*WHAT THE TASK REQUIRES*:
Starting at the line that has "Sieviešu krekls ar" and stopping after the line that has "2008 International 7500 Dump Truck - photo 5", reproduce the listing below exactly; omit everything else.

*MATERIAL PROVIDED*:
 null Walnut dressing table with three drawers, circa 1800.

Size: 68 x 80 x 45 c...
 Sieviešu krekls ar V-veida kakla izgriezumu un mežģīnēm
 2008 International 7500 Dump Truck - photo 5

* * *

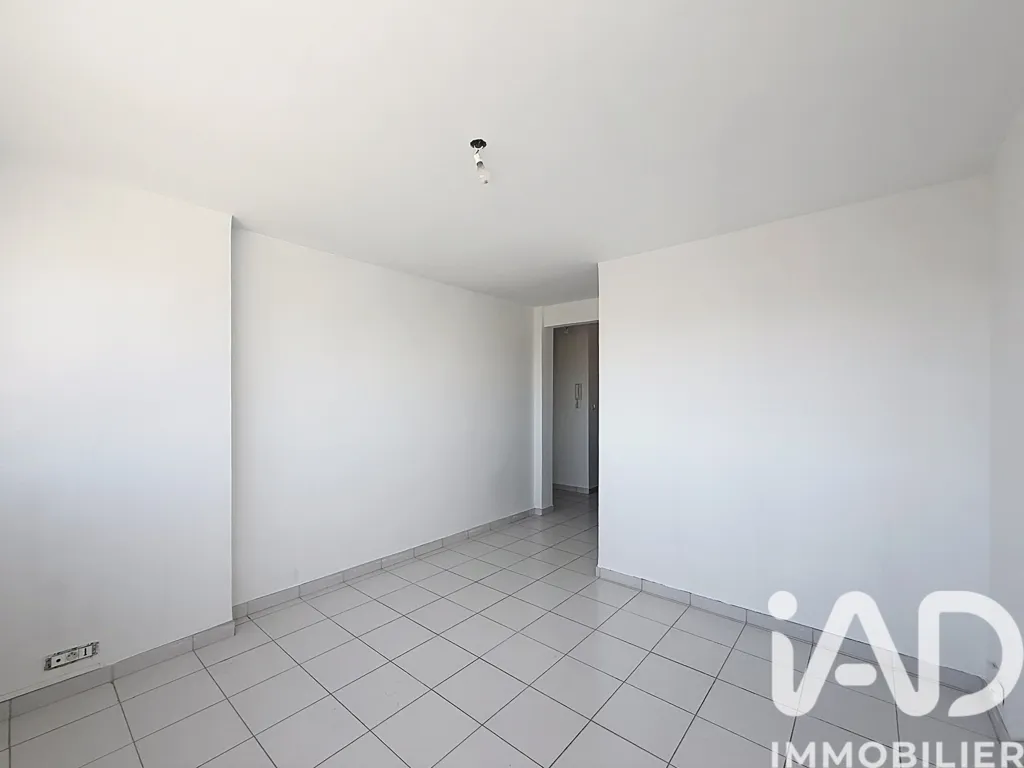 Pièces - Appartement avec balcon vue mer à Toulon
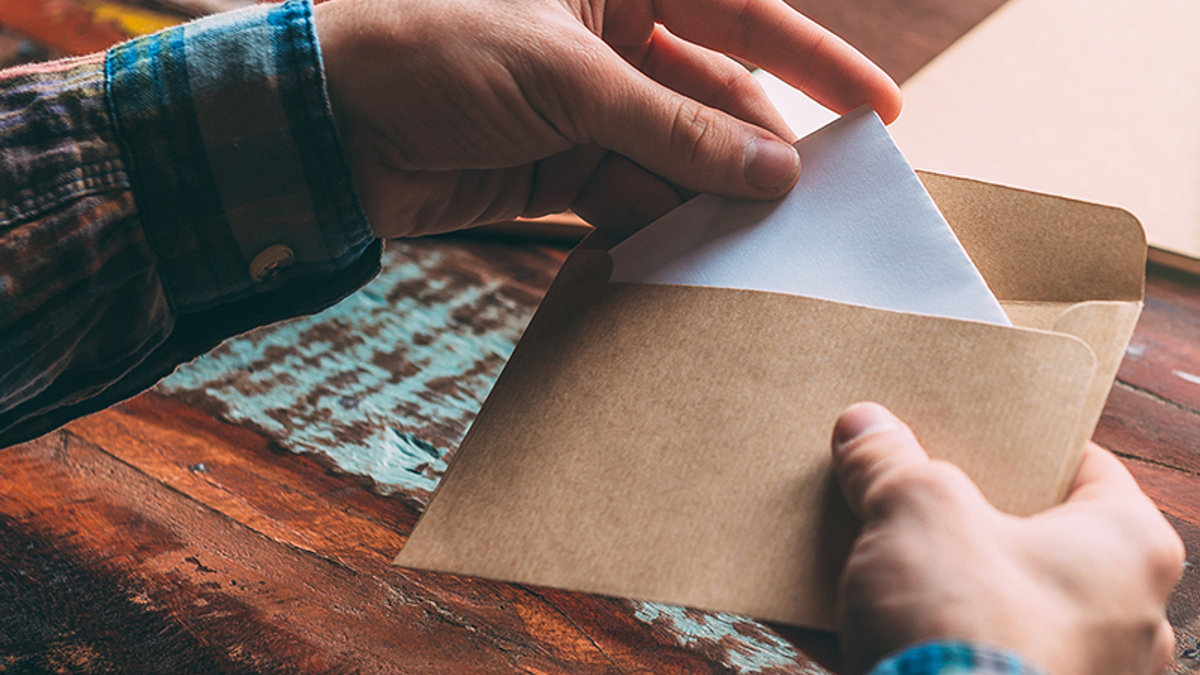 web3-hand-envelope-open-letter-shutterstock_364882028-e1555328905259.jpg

==

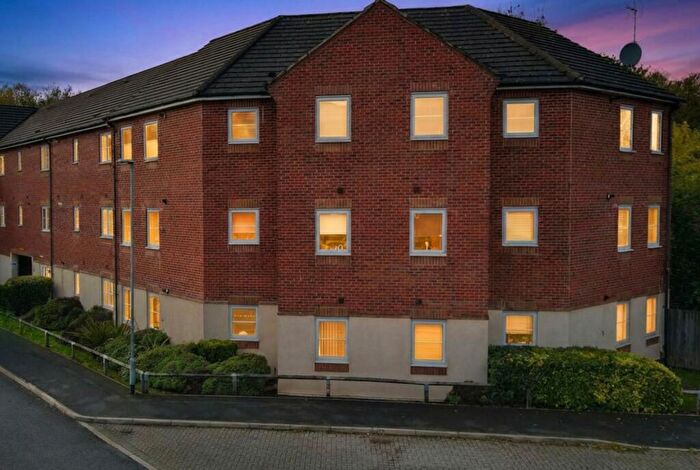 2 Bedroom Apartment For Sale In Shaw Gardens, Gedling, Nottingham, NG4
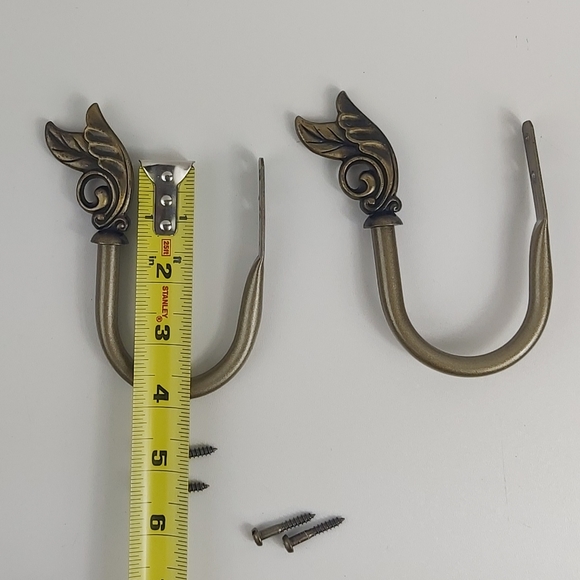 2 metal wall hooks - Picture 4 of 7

*TASK SOLUTION*:
 Sieviešu krekls ar V-veida kakla izgriezumu un mežģīnēm
 2008 International 7500 Dump Truck - photo 5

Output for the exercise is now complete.